AFAIU Chrome is the same issue. Basically, if the default font has the glyph for U+202F, we end up choosing the default font for that character instead of the Mongolian font, and that breaks the runs and the font can't do its magic. Please file a bug at crbug.com and CC me (behdad @ chromium.org).
(In reply to comment #11) > AFAIU Chrome is the same issue. Basically, if the default font has the glyph > for U+202F, we end up choosing the default font for that character instead of > the Mongolian font, and that breaks the runs and the font can't do its magic. > Please file a bug at crbug.com and CC me (behdad @ chromium.org). Last year, I have filed a bug already: https://code.google.com/p/chromium/issues/detail?id=155334 Should I make a new one?
(In reply to comment #12) > (In reply to comment #11) > > AFAIU Chrome is the same issue. Basically, if the default font has the glyph > > for U+202F, we end up choosing the default font for that character instead of > > the Mongolian font, and that breaks the runs and the font can't do its magic. > > Please file a bug at crbug.com and CC me (behdad @ chromium.org). > > Last year, I have filed a bug already: > https://code.google.com/p/chromium/issues/detail?id=155334 > Should I make a new one? Ah, *that* one! Now I understand that bug. Will follow up there. No need for a new one.
(In reply to comment #10) > (In reply to comment #7) > > Created an attachment (id=246202) [details] [review] [details] [review] > > Proposed patch > > > > Attaching untested patch. Can you please test with this? > > Hallo Behdad, > > the patch fixes the problem. Thanks for testing. Pushed to master.
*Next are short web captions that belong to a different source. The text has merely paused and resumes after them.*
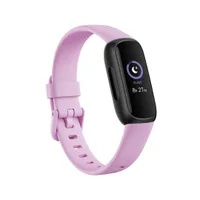 Fitbit Inspire 3:was £84.99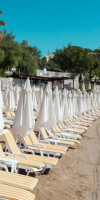 Anadolu Hotels Didim Club(Ex Palm Wings Beach Resort)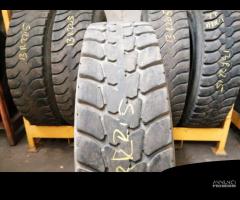 1 GOMME USATE ESTIVO 13.00 R 22.5 - TP725047 - 1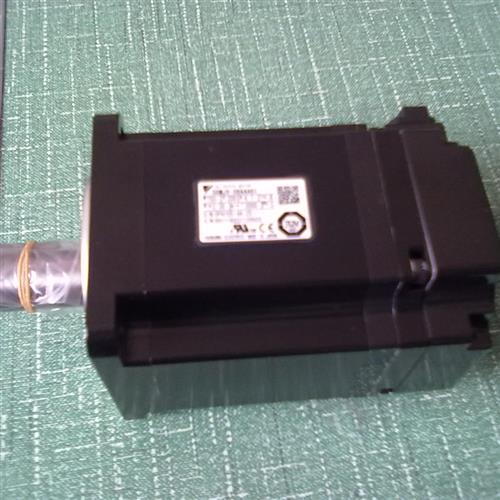 议价全新SGMJV-04A3E6S伺服电机欢迎议价当天发货测试OK包邮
(In reply to comment #9) > (In reply to comment #8) > > (In reply to comment #6) > > > And please retract your ICU bugreport. It's wrong. > > > > Why should I retract this report? ICU has also same problem. > > Yes. But your report is misleading. Two things: > > 1. ICU LayoutEngine is being deprecated in preference for HarfBuzz anyway, > > 2. We *can't* allow shaping across those two characters. Their Unicode > properties say that they are nonjoiners. However, what we want is to make sure > those two characters are shaped in the same run as the neighboring Mongolian > text such that the GSUB tables in the font can do their magic, whatever it is. > > Hope that helps. Hi Behdad, Thanks for this fix! For 1. The current version of OpenOffice (at least on Windows) still use ICU breakers. How can I fix it spontaneously? We developed a spellchecker for mongolian script but we have massive problems with openoffice plug-in. For 2. You are quite right, I agree 100%!
Well, you can still try with ICU LE. But it occurs to me that this is not a shaping issue. It's font selection issue and needs to be fixed in LibreOffice itself I think.